Notable library school lecturer and bird, Gavia Libraria has had it with this whole whiny business of fussing that the library school people attended 5, 10, 15, 20, 30... years ago didn't offer x or y or z.
If you know anything about our field, or any other profession, you know that the degree is very much a beginning. It gets you the foundation, the jargon, and a method for acquiring more. It is not, nor could it ever be the end. That's just crazy.
Now, there are no doubt library school classes that are better than others. Also ones that are more relevant than others for the thing you need to do today. I am one of the few who actually believes in "core" classes because there are some standard things you should be able to at least look up how to do if you all the sudden become a solo librarian. Like a reference interview. Searching a library catalog, a research database, and the web. Cataloging a book. Unjamming a stapler, a copier, and a toilet 🙂
The other piece of her argument is that libraries often think grass is greener and want to hire someone in with the needed skills instead of developing staff to meet new needs. This is pretty crap if you're the existing staff who is running as fast as she can to move into a new position.

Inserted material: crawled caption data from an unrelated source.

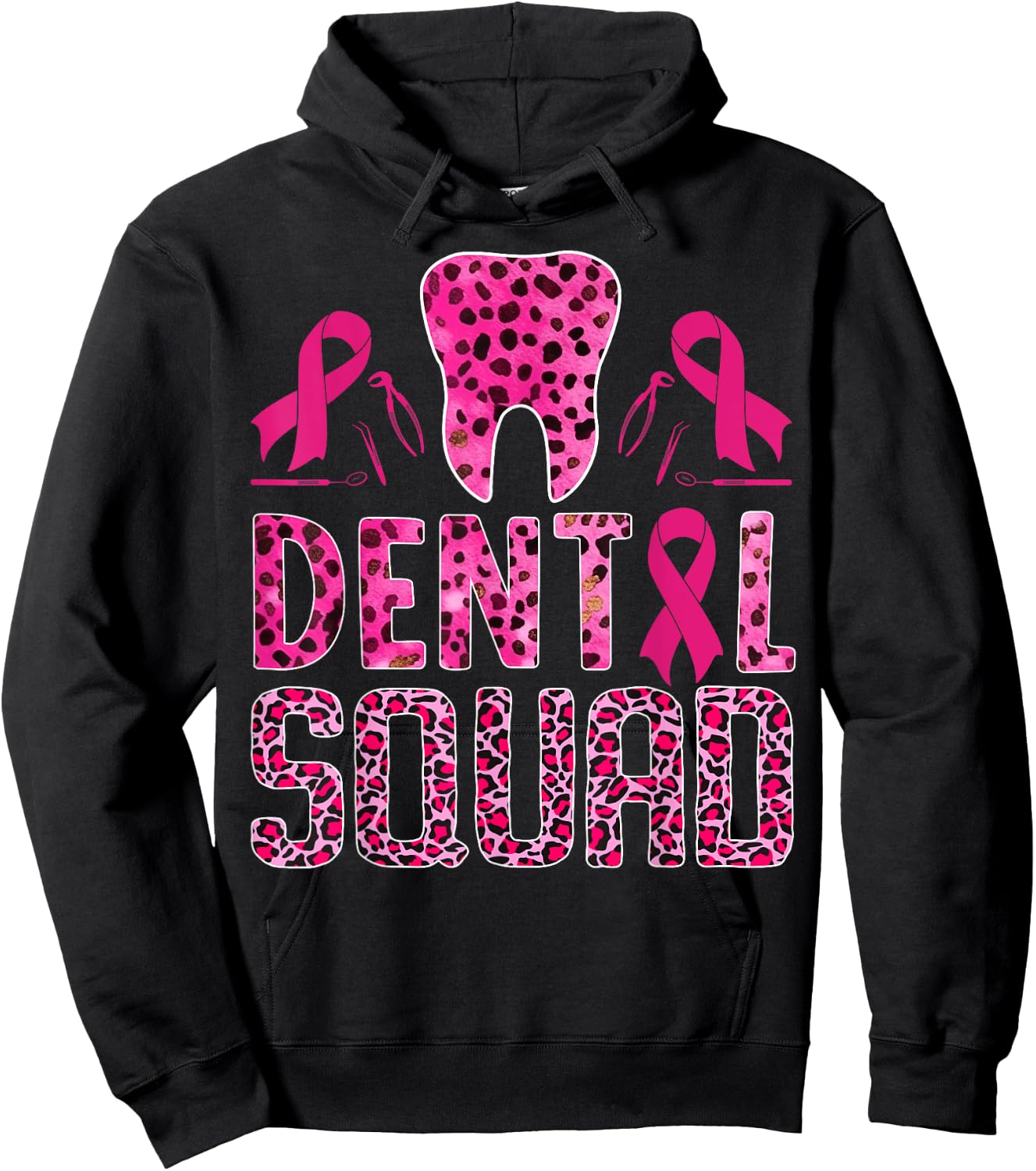 Dental Squad With Teeth Breast Cancer Awareness Warrior Hoodie - Hoodie | Black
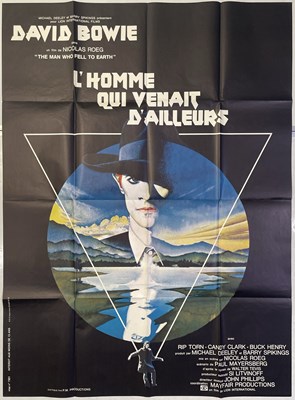 Lot 510 - DAVID BOWIE - LARGE ORIGINAL FRENCH BILLBOARD POSTER FOR 'THE MAN WHO FELL TO EARTH' (1976).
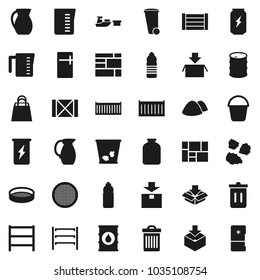Flat vector icon set - bucket vector, trash bin, garbage pile, measuring cup, jug, sieve, jar, enegry drink, water bottle, sea container, port, wood box, consolidated cargo, package, oil barrel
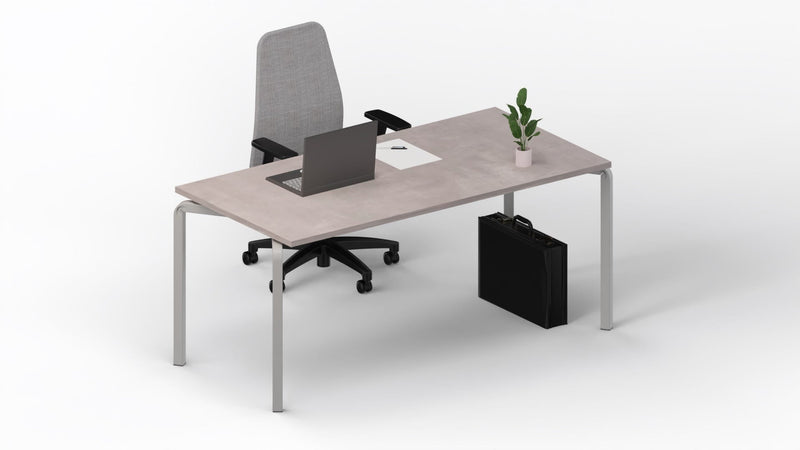 Scrivania moderna con gambe in tubolare colore alluminio e top in melaminico cm. 180x80x75h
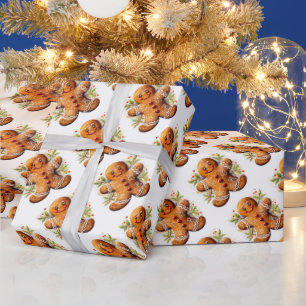 Papel De Regalo Navidades Gingerbread Man con Holly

So you're now out of school, what next? Are you in your professional associations? Are you engaging online? Are you attending training given by the vendors - free online! Are you reading? Are you thinking critically?
I, for one, went to an awesome library school that gave me an excellent foundation. I also work very hard to learn all the time.

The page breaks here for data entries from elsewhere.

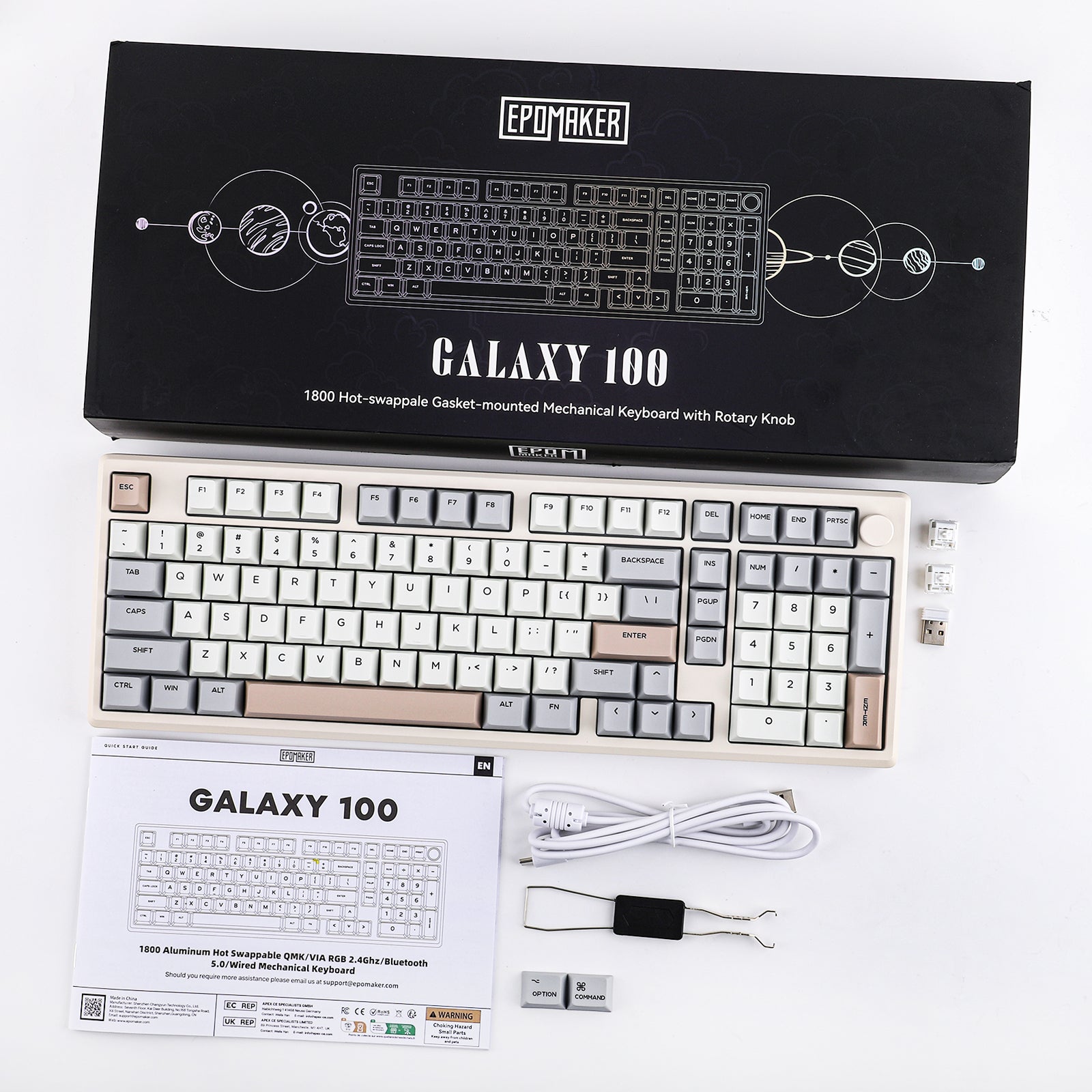 Epomaker Galaxy100 QMA/VIA + Nude Rosa Silent Switch Set Bundle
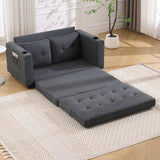 Three in one soft cushion cushion cushion sofa, folding mattress sofa bed, with side pockets and cup holder, dark gray - V.I.P Digital Presence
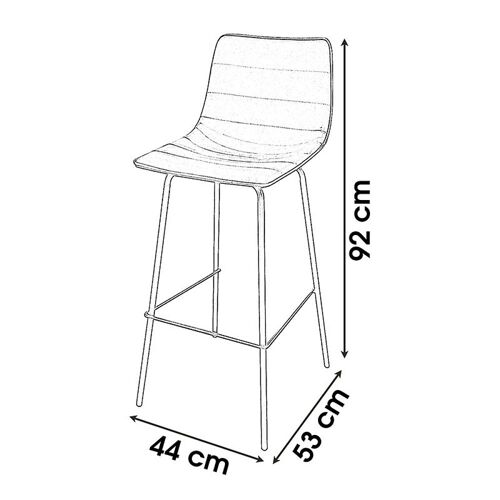 Tabouret de bar industriel Brooklyn - H. 92 cm - Bleu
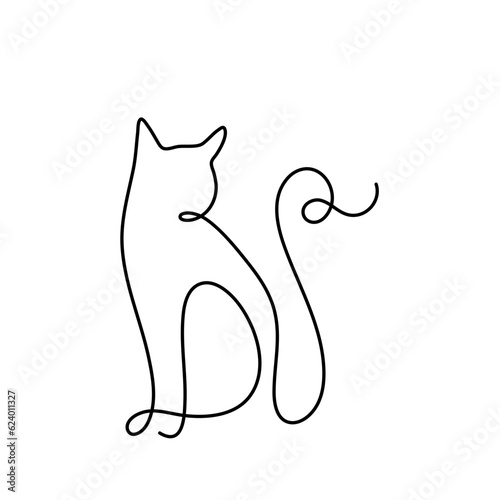 Cat one line drawing vector. Continuous line cats cover poster. Line art. Poster for concept design. 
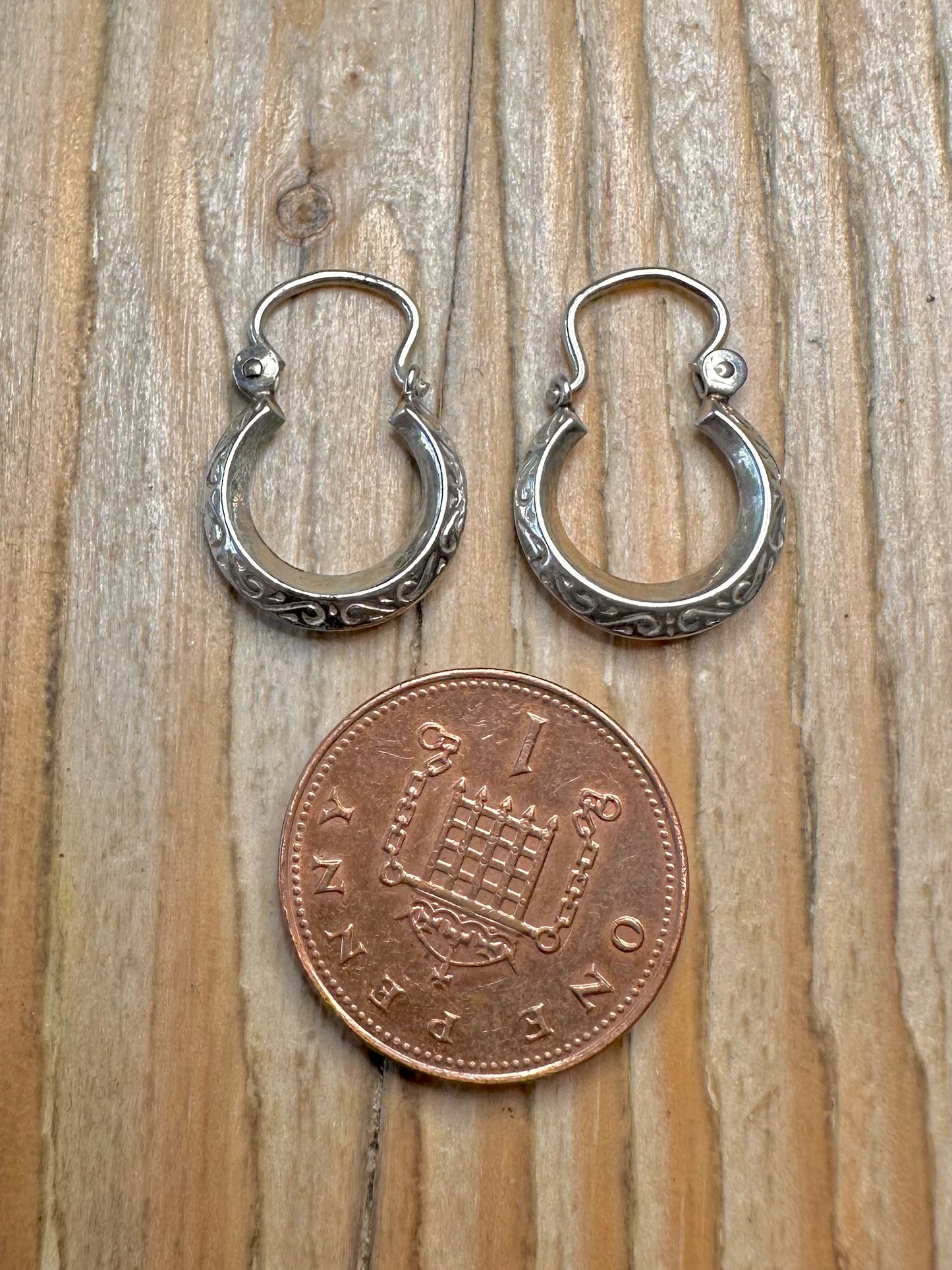 Vintage Engraved Hoops 925 Sterling Silver Earrings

Here's an example: I am forever trying to learn Python and R and bibliometrics. I can do some things but I'm very slow. My boss didn't tell me to learn. I'm not mad at my library school for not teaching me. I don't even know if either one really existed when I was undergrad (we used Mathematica and Pascal but I'm old).
So here I diverge greatly from some of my librarian colleagues who really hate code academies and MOOCs. I think they are awesome for people like me. I've done a couple Google ones. Some R ones and some Python ones. I abandoned two on machine learning. The R ones from JHSPH were fine but the one that was really good was the intro to programming with Python from MIT on EdX. It was by far the best platform and the best instruction. I'm messing with a Michigan one on data science now and it is not as good at all.
Anyway, pull up your big girl pants and get to work learning. While you're at it, work with your leadership on where you see things going and how to best meet the need. If you're in some level of management, work with your librarians to make sure they are moving ahead and advocate for them to upper management.
Remember, I'm pulling for you. We're all in this together. Keep your stick on the ice. Good luck with the staplers.